Dans le cadre du Festival d’Automne, Hubert Colas présente sa mise en scène de Superstructure, un texte de Sonia Chiambretto qui retrace, de façon analytique et non chronologique, l’histoire de l’Algérie de 1954 à nos jours. Une plongée glaçante dans la collusion délétère entre le mécanisme du terrorisme islamiste et les exactions de l’armée française.

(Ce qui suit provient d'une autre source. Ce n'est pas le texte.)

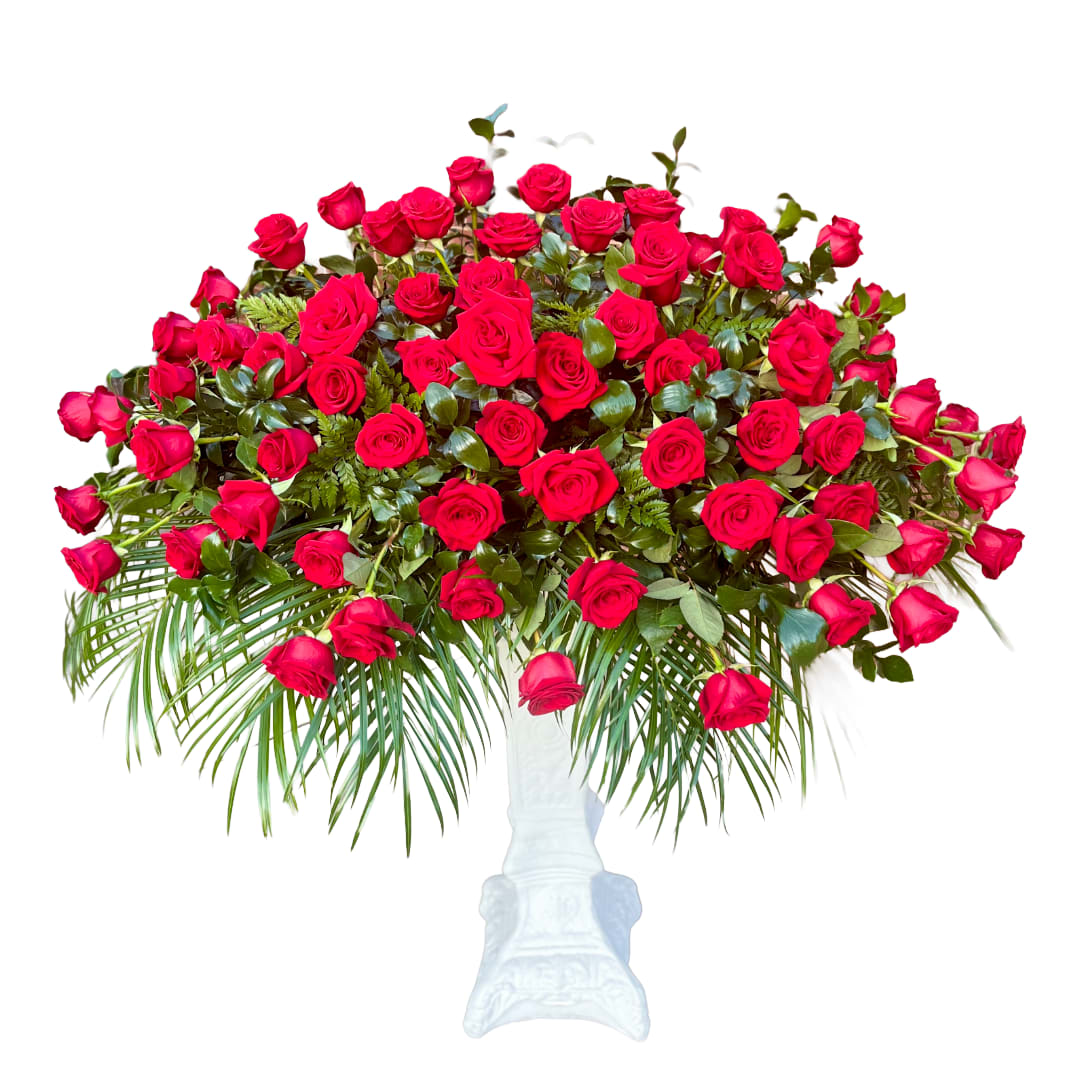 100 Rose Salute - 100 red roses artfully arranged on beds of palm creating a stunning classic tribute. 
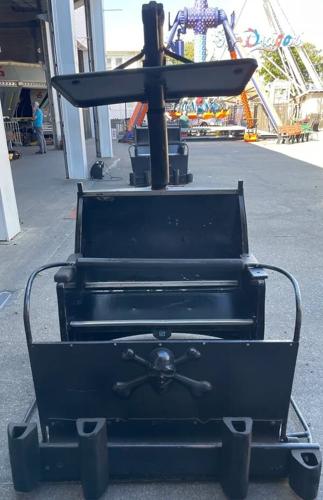 A car from a haunted mansion ride. The all black car has a skull and crossbones on the front.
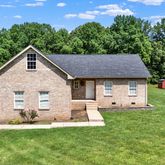 a aerial view of a house with a yard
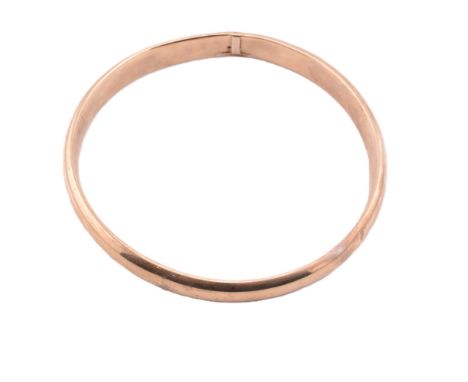 A 9ct gold wax filled bangle. The 9ct gold bangle having a polished exterior to wax-filled centre. Marked 9CT 'wax filled' to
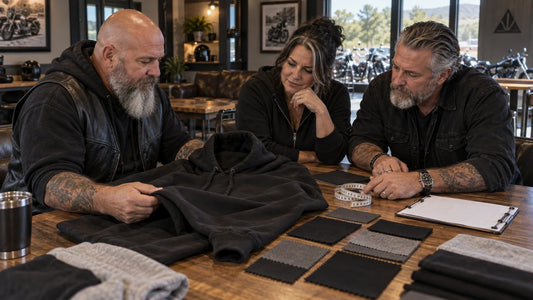 Three mature club organizers review a black hoodie blank, fabric swatches and fit measurements at a sample table.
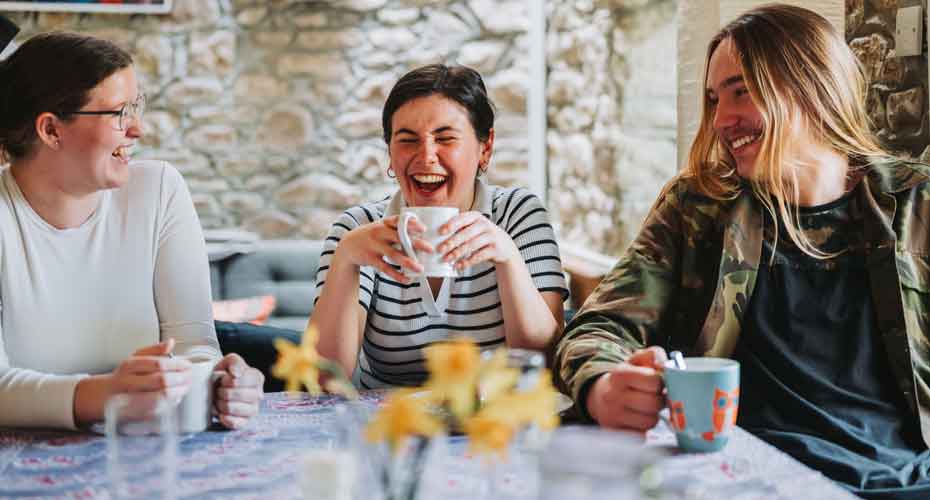 two female and one male student drinking tea around a table laughing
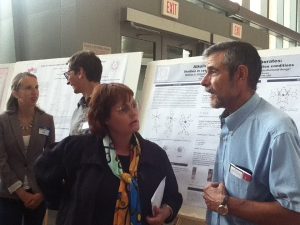 Two professors discussing a poster.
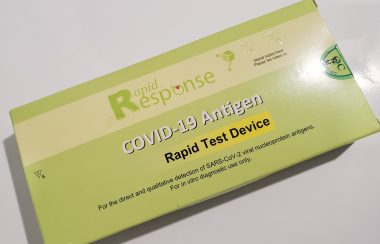 A green COVID-19 test kit package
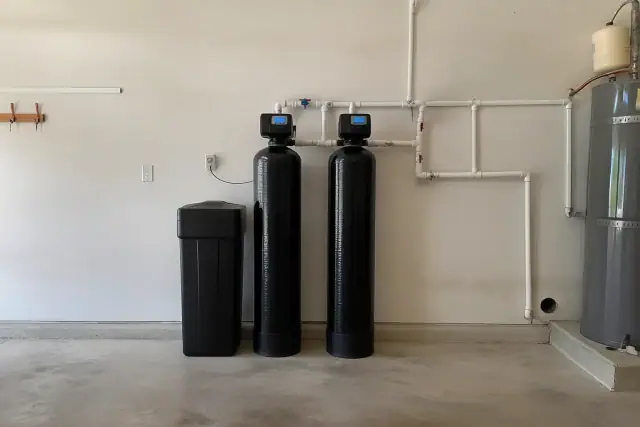 Commercial water softener system with two resin tanks and plumbing installed in a garage in Tempe, AZ.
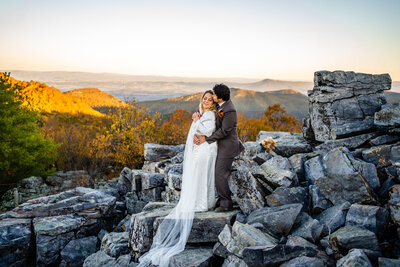  Bride and groom embracing on rocky mountaintop in Shenandoah with fall colors at
sunset
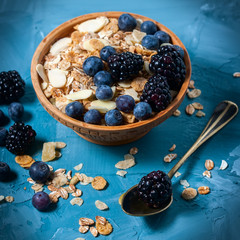 Granola with blueberries and blackberries. Healthy food.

Pendant qu’il entre, le public se retrouve au cœur de la mer. Pour le moment, il n’y a pas d’horizon, on voit de l’eau, rien que de l’eau à perte de vue. L’écran prend toute la largeur de la scène, devant lui, il y a un plateau blanc surélevé, plus étroit, qui ressemble à un toit dans une ville. La pièce commence, les personnages arrivent. Anne Corté, Ahmed Fattat, Saïd Ghanem, Adil Mekki, Perle Palombe, Nastassja Tanner et Manuel Vallade campent une myriade de personnages qui composent la société algérienne en fonction des époques racontées. L’histoire nous parvient par les mots, rien que les mots. Le décor d’Hubert Colas est très symbolique, c’est l’écran qui donne la sensation d’écrasement, de cette superstructure, cet « Alger fictionnel tel qu’il fut fantasmé par Le Corbusier dans les années 30. Avec le plan “Obus”, l’architecte avait imaginé une Cité Radieuse algéroise, avec un immeuble long de 10 km dont la toiture serait une autoroute ». Nous sommes donc bien sur un bout de ce toit et nous les écoutons partager leurs réalités. La première partie du spectacle nous plonge la tête dans la réalité du terrorisme islamiste, hasard du calendrier, nous avons vu la pièce le 13 novembre 2025, jour des commémorations des attentats de Paris, les mêmes mots sont employés par les fous de Dieu, en 2015 comme pendant la décennie noire qui fit près de 200 000 morts entre 1991 et 2002. Alors on suit les trajectoires de Fella, Akim, Ksou, Paul, Nicole, Yassin, qui sombrent face à l’évolution de leur pays.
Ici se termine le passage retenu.